Background and Methodology
The « Moonbase Deformation Zone » was identified by Ryan (1990) in the Kogaluk River area of Labrador. Initially, it was not described in Quebec and its NW extension was derived from aeromagnetic maps (Wardle et al., 1990, 2002). The NW portion of the Moonbase Zone was mapped by Lafrance et al. (2015, 2016) and renamed the Moonbase Shear Zone (ZCmob).
The structural and textural analysis of the ZCmob was the subject of a bachelor’s thesis (Côté-Roberge, 2015) and a master’s thesis (Vanier et al., 2017, 2018).
Boundaries and Morphology
|Width||~10 km (maximum of 16 km)|
|Orientation||NW-SE and NNW-SSE|
The ZCmob is generally oriented NW-SE and turns to the NSW-SSE in its eastern portion, where it joins the Blumath Shear Zone (ZCblm). The morphology of the ZCmob is similar to that of the Falcoz and Abloviak shear zones to the north. The ZCmob affects the structural grain of the Rivière George Shear Zone (ZCrge), which is redirected to the NW-SE in this area. Its western limit corresponds to the change in orientation of structures in parallel with the ZCrge NNW-SSE orientation. The ZCmob represents the boundary between the Archean-Paleoproterozoic Falcoz Lithotectonic Domain and the Neoarchean to Paleoproterozoic Mistinibi-Raude Lithotectonic Domain (Lafrance et al., 2019).

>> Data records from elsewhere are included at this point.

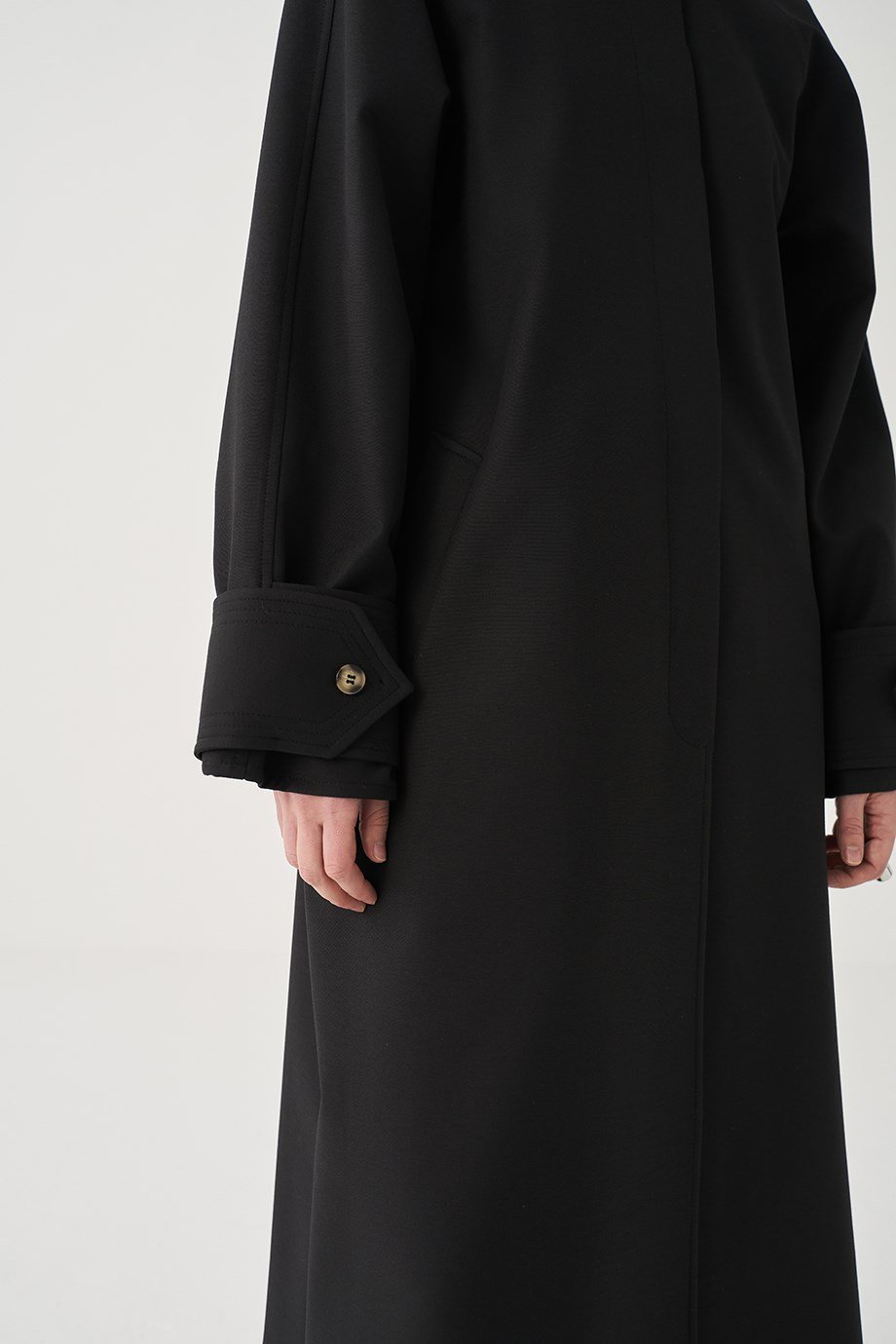 Üçgen Manşetli Trençkot{KATEGORİ}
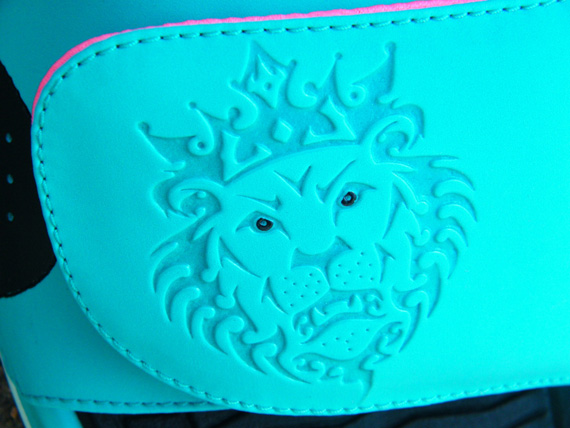 Nike Air Lebron Slide South Beach 3
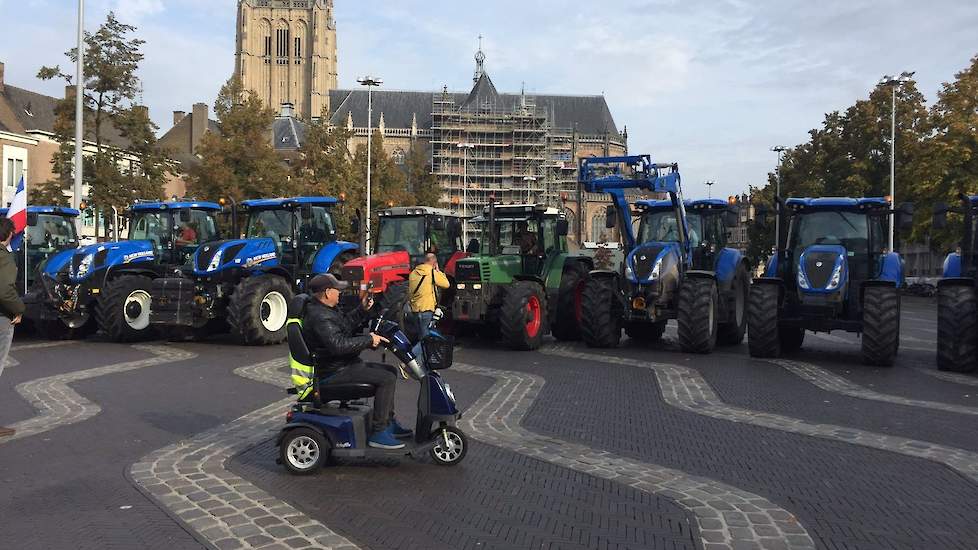 „Eerste tractoren en toeschouwers in Arnhem. En er volgen er nog veel meer!#trotsopdeboer  @POVarkenshouder", twittert POV-voorzitter Linda Janssen.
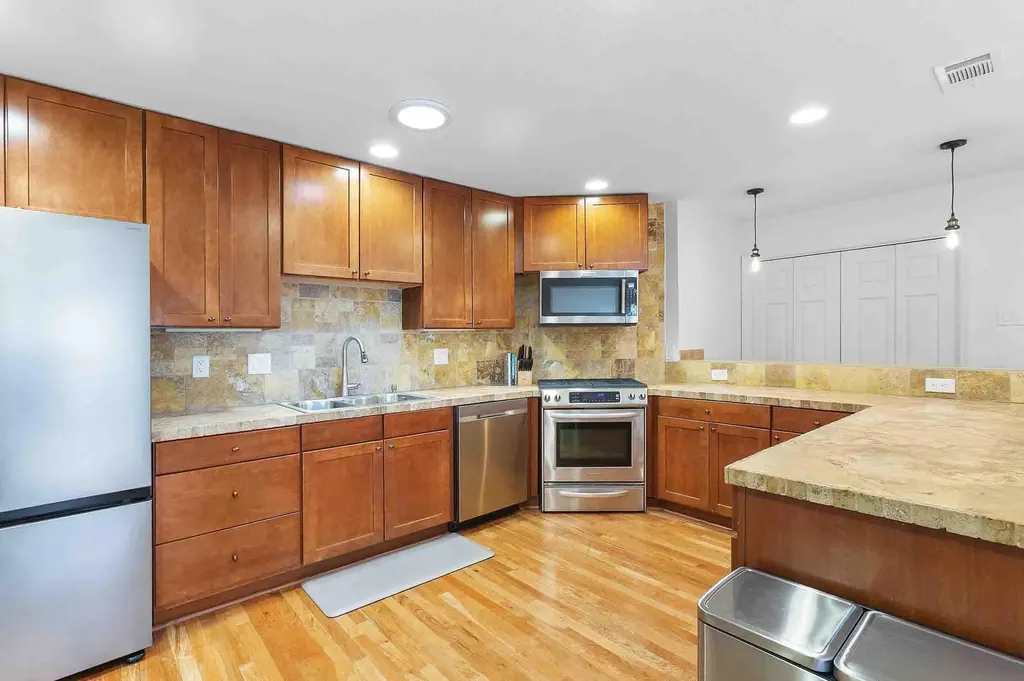 2011 Meadowridge Drive Austin TX 78704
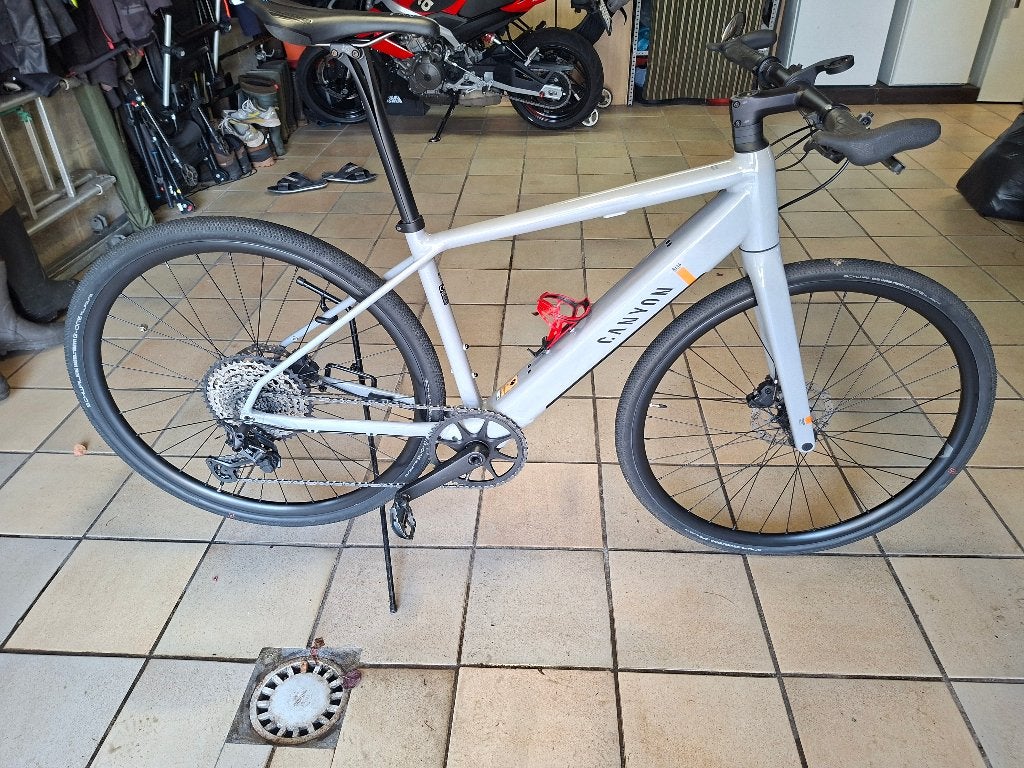 Vélo electrique  + roues en carbon, Enlèvement, Comme neuf, 50 km par batterie ou plus, Autres marques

Stratigraphic Units Concerned
Marking the boundary between two lithotectonic domains, the ZCmob distorts units near the contact between the Mistinibi-Raude and Falcoz domains. In this way, it distorts the Kangiqsualujjuaq, Siimitalik and Fougeraye, and Pelland Suite in the Falcoz Domain, in addition to the Mistinibi Complex in the Mistinibi-Raude Domain. This shear zone also affects fabrics of certain units of the George Lithotectonic Domain, such as the Saint-Sauveur, Tunulic and Guesnier complexes, and De Pas Granitic Suite.
❯ Main Fabrics
|Main Fabric||Type of Fabric||Direction (°)||Dip / Plunge (°)||Number of measurements||Comments|
|Foliation Sn||Mylonitic foliation or banding, gneissosity, tectonometamorphic foliation||314||87||234|
|Lineation Ln||Secondary tectonometamorphic mineral lineation||320||11||32|
The ZCmob is characterized by well-developed mylonitic foliation or banding (Sn), as well as quartz rods (Ln) or bands, and porphyroclasts. Several decimetric to metric mylonite zones have C/S fabrics. At the junction with the ZCblm to the east, orthomylonites composed of nearly 50% of highly recrystallized matrix occur locally. Bands of broken granite containing K-feldspar or polymineralic porphyroclasts are also observed.
Textures associated with the main fabric include crenulation, undulatory extinction of feldspar crystals, microfractures in grains, dismemberment of microliths and grinding. Within microliths, evidence of dynamic recrystallization is observed such as wedged grain edges and, more locally, grain edge migration.
In its western section, the ZCmob transposes the ZCrge fabric. Within a kilometric strip, the ZCrge NNW-SSE fabric is reoriented to an NW-SE axis. This influence of the ZCmob on ZCrge fabrics is also observed on the vertical magnetic gradient map.
❯ Other Fabrics
Does not apply.
Tight to isoclinal folds are commonly observed in ZCmob mylonitic zones. Their axial plane and fold axis are parallel to the main fabric (Sn and Ln respectively). The formation of these folds (Pn) therefore appears to be associated with the same transpression stress regime producing ZCmob mylonites.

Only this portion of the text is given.